Luke twisted my hair around his fingers and laid his hand against the back of my head. “Then I’ll take out one of our jets and come see you every weekend. You could pretend to be sick and stay here some weeks in between. No one would ever know if you wear your shadow suit.”

“But I don’t wanna do that. I want to see you every day and go to the Christmas dance with you. I liked being seen with you as your girlfriend this morning.”

“I know it sucks, but we would have had to do this in a couple of months, anyway. Were you planning to break up with me then?”

“No, I’ve been trying not to think about it.”

Luke took my face in his hands and kissed each of my eyelids lovingly. “Look at it this way. No matter how crappy being separated is, it won’t be half as bad as the past three years have been. At least we’ll each know where the other is and that we’ll be together again. Seriously, I’ll take a jet to see you every single weekend. I finally found you after years of pain and loneliness. And hearing you say you love me like I love you and getting to kiss you the way I’ve dreamed of almost every night since I met you is something I didn’t think I’d ever have. I’m not letting you go again. I survived five years without you; I can survive five measly days out of each week, as long as I know you’re mine.” He pulled my hand to his lips to kiss it and then wiped my tears away.

“Every weekend?” I asked. “You promise?”

“I promise.”

I leaned against his chest and reached around to hold him for a moment. “Can I stay long enough to watch a cartoon with you?” I knew it would help take my mind off the possible upcoming separation.

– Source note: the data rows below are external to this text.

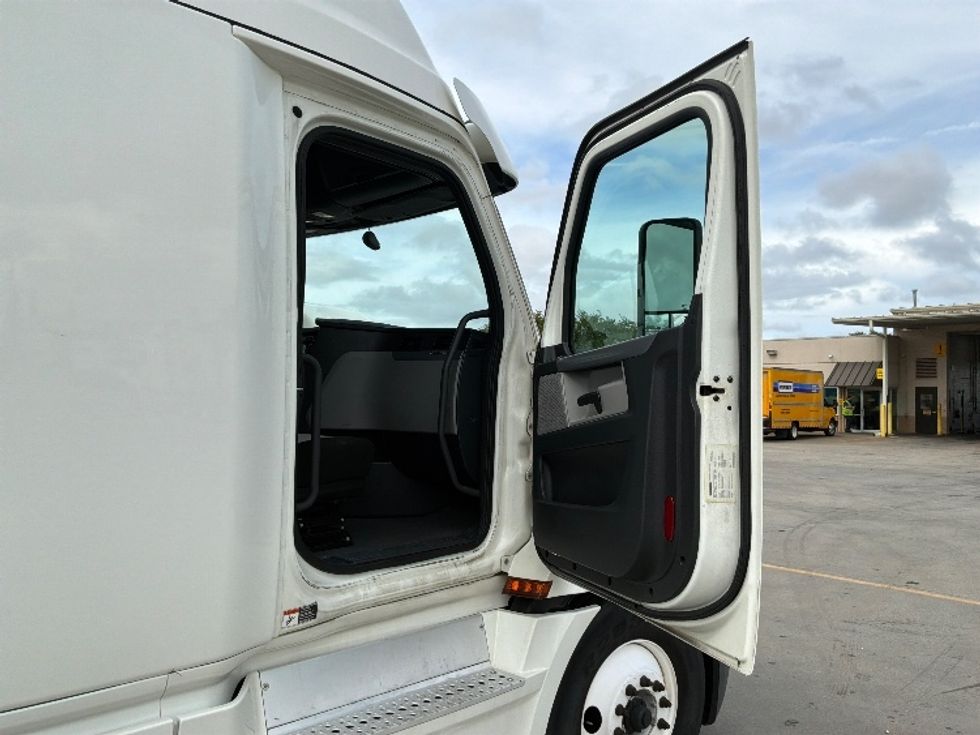 Sleeper Tractor-Heavy Duty Tractors-Freightliner-2020-T12664ST-Montgomery-AL-425,341\n\t\tmiles-$ 76,500 - Image 13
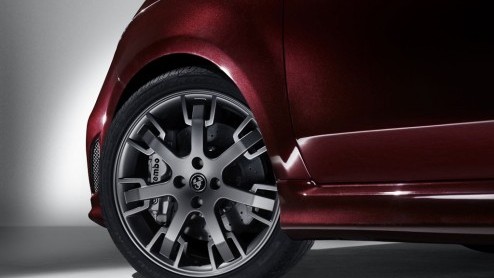 Tijdens de 30e verjaardag van de Mille Miglia presenteert Abarth de Abarth 695 Maserati Edition. Een exclusief nummer gebouwd in een oplage van 499 exemplaren. Met 180 pk.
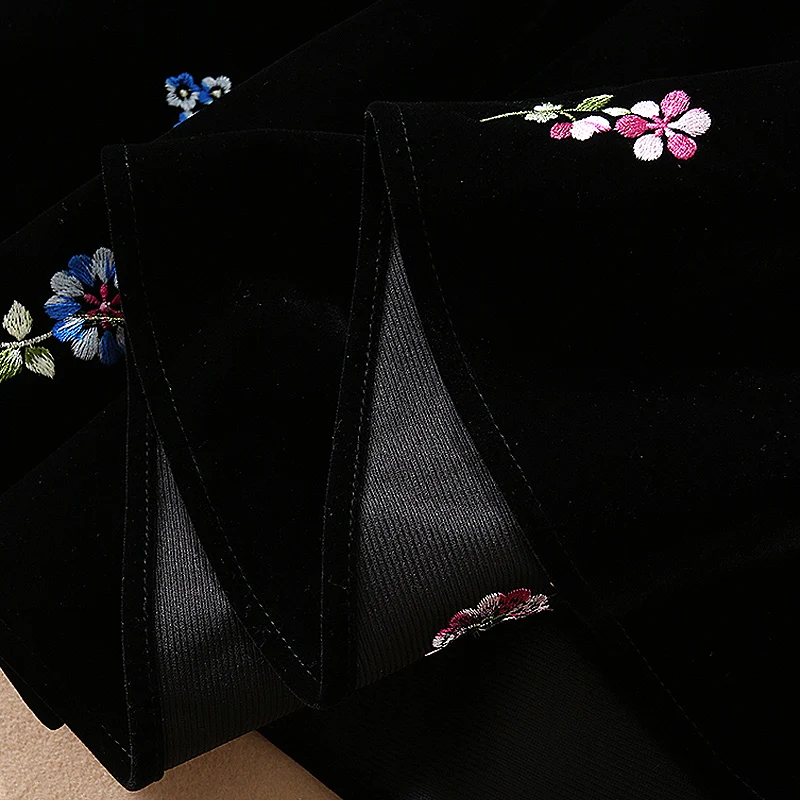 Gedivoen Fashion Runway Midi Dress Women Short Sleeve Floral Embroidery Black High Waist A-Line Dress Elegant Velvet Dresses
Gedivoen Fashion Runway Midi Dress Women Short Sleeve Floral Embroidery Black High Waist A-Line Dress Elegant Velvet Dresses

“Stay as long as you want. No one’s going to bother us with Titus in the hospital wing.” He pulled me with him as he lay down, leaning away just long enough to pull a blanket out from under the bed and pull it over us.

“Kristine Con, please play a Jimmy Neutron cartoon,” I said.

In spite of what he said, I clung to Luke as it began to play, knowing things wouldn’t be the same when I had to return to North Haven.